[Goal of the exercise] Lines in the listing under this task are to be copied exactly.

==== Information supplied

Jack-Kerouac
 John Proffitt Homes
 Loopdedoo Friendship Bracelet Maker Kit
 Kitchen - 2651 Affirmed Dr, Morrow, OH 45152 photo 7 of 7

========

[Response area]
Jack-Kerouac
 John Proffitt Homes
 Loopdedoo Friendship Bracelet Maker Kit
 Kitchen - 2651 Affirmed Dr, Morrow, OH 45152 photo 7 of 7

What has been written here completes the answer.